The analysis of large clinical databases is currently a necessary medium for the improvement of quality health care. In a short time, it provides robust data based on large patient populations that serve as a standard for comparing the data of the institution itself and for introducing any corrective measures necessary in cases when important deviations are observed.3,4 Although it is true that the quality of surgical work should not be solely based on the results (mortality and morbidity), until now there are very few initiatives published on the use of other variables, such as the appropriateness of the design of clinical processes to the best scientific evidence available.
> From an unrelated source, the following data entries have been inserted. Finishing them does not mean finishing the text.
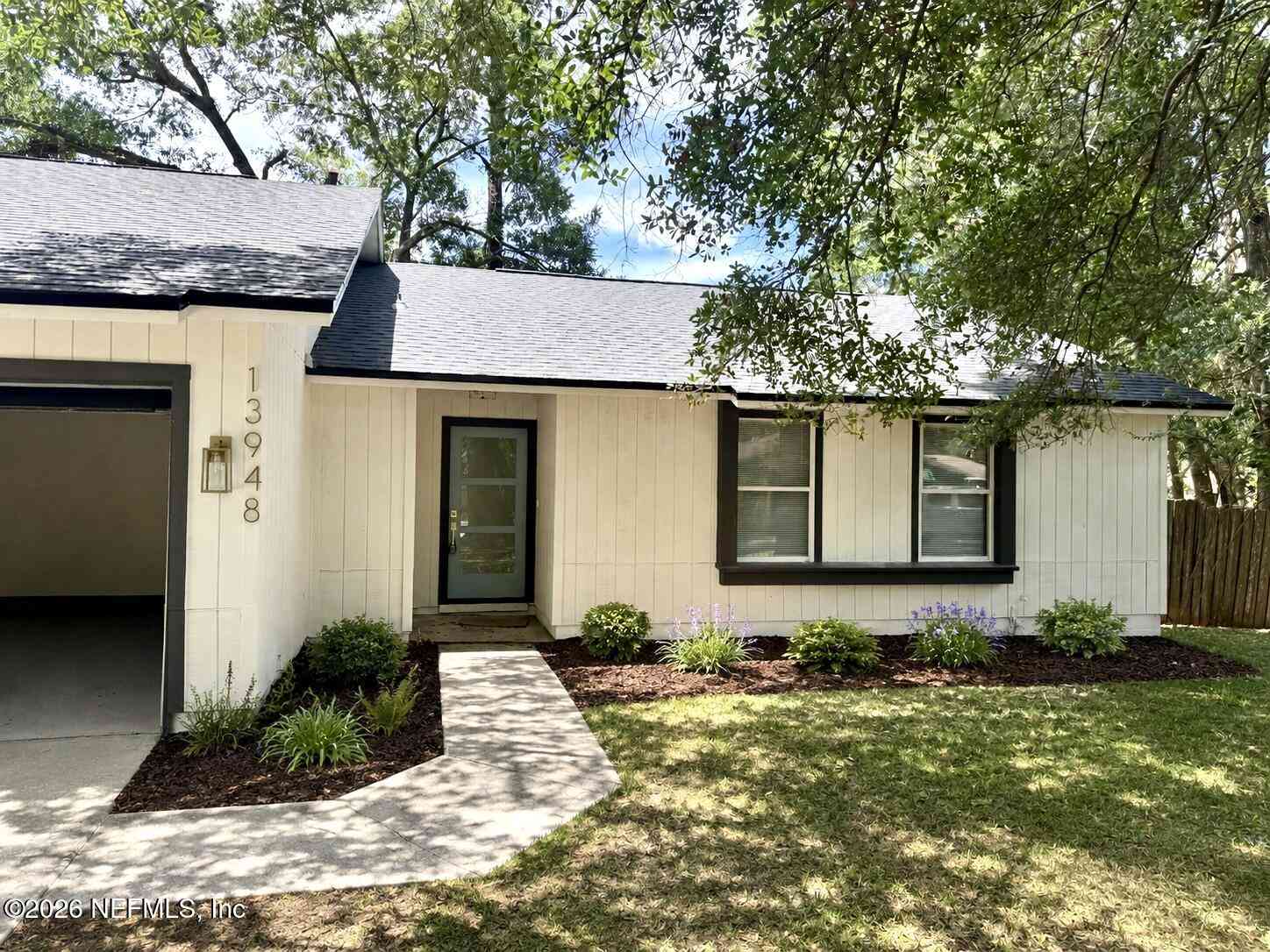 Homes For Sale - 13948 Norway Pine Place<br/> Jacksonville, FL 32225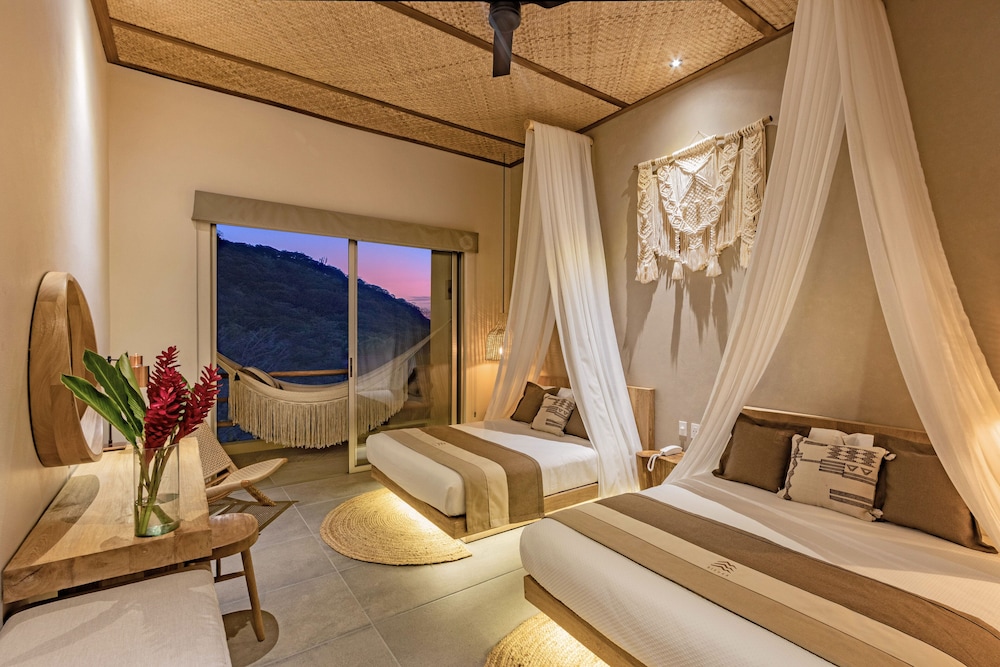 Deluxe Room - Photo 1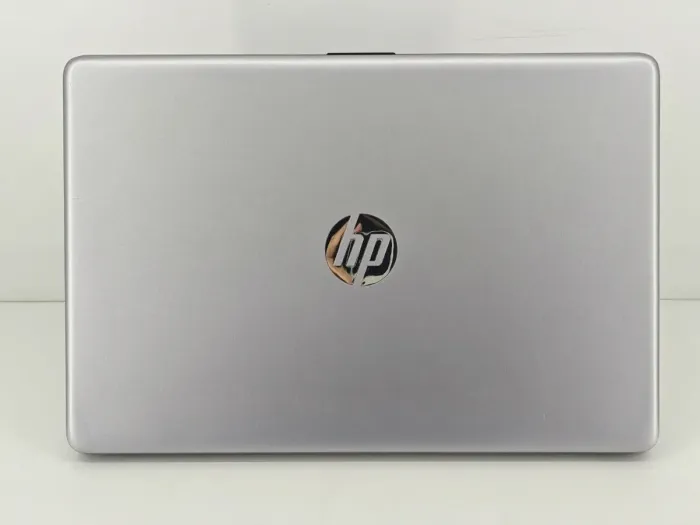 Ультрабук HP 250 G8 / 15.6" (1920x1080) IPS / Intel Core i5-1135G7 (4 (8) ядра по 2.4 - 4.2 GHz) / 16 GB DDR4 / 256 GB SSD / Intel Iris Xe Graphics / WebCam б/в - зображення 3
In thoracic surgery, it has been proposed to construct an index that gathers the results and designs of processes in order to evaluate their quality,5 but its practical application is still being developed.6
The complication severity classification proposed by Seely et al.2 seems, a priori, to be an adequate method for standardizing the evaluation of the results of operative morbidity, giving the comparison between centers greater validity. In addition, it introduces an innovative concept as it considers the resources used to treat complications.
The calculation of the kappa index for inter-observer agreement is a widely used method in clinical epidemiology when quantifying the variability between various observers of clinical events. In addition, it is a much more representative parameter than the simple agreement rate, as it is very much influenced by chance.7 When the order of the values that are obtained in the observation is important, as is the case of this study, it is recommendable to use the weighted kappa index, since it is not equally evaluable if there is a discrepancy classifying the complication as degree 1 or degree 2, or of the discrepancy is between grades 1 and 5. Although the use of the kappa statistic has been criticized for its dependence on the prevalence of the event studied and for the subjectivity of the weighting of the discrepancies,8 it is considered that a weighted kappa index above 0.8 indicates an excellent degree of inter-observer agreement.7 In our case, the kappa index obtained of 0.79 is worthy of mention.
Although without a doubt this value demonstrates that there is a high agreement between two observers when classifying the severity of the registered complications, it should be kept in mind that the two observers participate in daily discussions of the same cases, and that in the center there is a previous, agreed-upon definition of the complications. In this context, the expected inter-observer agreement should probably be 100%. It can be easily supposed that, when working with a multi-institutional database, the degree of agreement when defining and classifying the complications should be much less or, in other words, the effort required for the validation of the data when analyzing morbidity would be much greater.
The study that we have presented demonstrates that, even between surgeons of the same center, there is a certain degree of discrepancy in the classification of the post-surgical complications. Therefore, before adopting a standardized system for classifying morbidity at the multi-institutional level, it is necessary to study the variability and introduce the necessary corrective measures in order to construct risk indices in thoracic interventions. These measures would include the precise and unequivocal definition for each type of complication and a generic classification of the treatments required to resolve them. Only by guaranteeing the quality of the data entered in the clinical databases, valid conclusions can be obtained.9
Please cite this article as: Varela G, Novoa NM. Evaluación de la variabilidad interobservador en la clasificación sistemática de la morbilidad operatoria en resección pulmonar. Arch Bronconeumol. 2011;47:581–3.